[Scraped caption text data]
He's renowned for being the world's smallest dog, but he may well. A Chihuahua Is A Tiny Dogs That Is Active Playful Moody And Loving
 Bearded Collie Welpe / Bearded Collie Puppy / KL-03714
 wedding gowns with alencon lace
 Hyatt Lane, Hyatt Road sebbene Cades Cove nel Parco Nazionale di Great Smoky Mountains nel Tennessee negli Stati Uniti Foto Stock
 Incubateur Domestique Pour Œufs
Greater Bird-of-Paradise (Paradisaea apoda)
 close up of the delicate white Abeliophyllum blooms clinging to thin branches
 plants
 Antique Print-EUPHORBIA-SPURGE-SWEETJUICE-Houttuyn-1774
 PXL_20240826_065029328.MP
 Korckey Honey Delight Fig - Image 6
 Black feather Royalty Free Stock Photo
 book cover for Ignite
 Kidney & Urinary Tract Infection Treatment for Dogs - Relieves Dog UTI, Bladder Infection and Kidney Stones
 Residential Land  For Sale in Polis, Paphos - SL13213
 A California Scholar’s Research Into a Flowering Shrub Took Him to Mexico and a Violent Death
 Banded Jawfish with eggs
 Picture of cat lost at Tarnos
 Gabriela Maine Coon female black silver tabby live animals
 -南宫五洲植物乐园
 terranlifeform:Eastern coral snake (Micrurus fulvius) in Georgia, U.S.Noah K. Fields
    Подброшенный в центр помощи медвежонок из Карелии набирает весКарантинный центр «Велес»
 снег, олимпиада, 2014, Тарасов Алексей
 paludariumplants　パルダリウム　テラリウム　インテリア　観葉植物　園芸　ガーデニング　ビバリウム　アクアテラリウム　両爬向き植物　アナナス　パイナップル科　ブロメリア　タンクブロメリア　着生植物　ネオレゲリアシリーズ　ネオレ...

• [What you are asked to do] Transcribe nothing except the lines from the one with "снег, олимпиада, 2014, Тарасов Алексей" through the end of the data above, each exactly as it appears.

• [Exercise answer]
 снег, олимпиада, 2014, Тарасов Алексей
 paludariumplants　パルダリウム　テラリウム　インテリア　観葉植物　園芸　ガーデニング　ビバリウム　アクアテラリウム　両爬向き植物　アナナス　パイナップル科　ブロメリア　タンクブロメリア　着生植物　ネオレゲリアシリーズ　ネオレ...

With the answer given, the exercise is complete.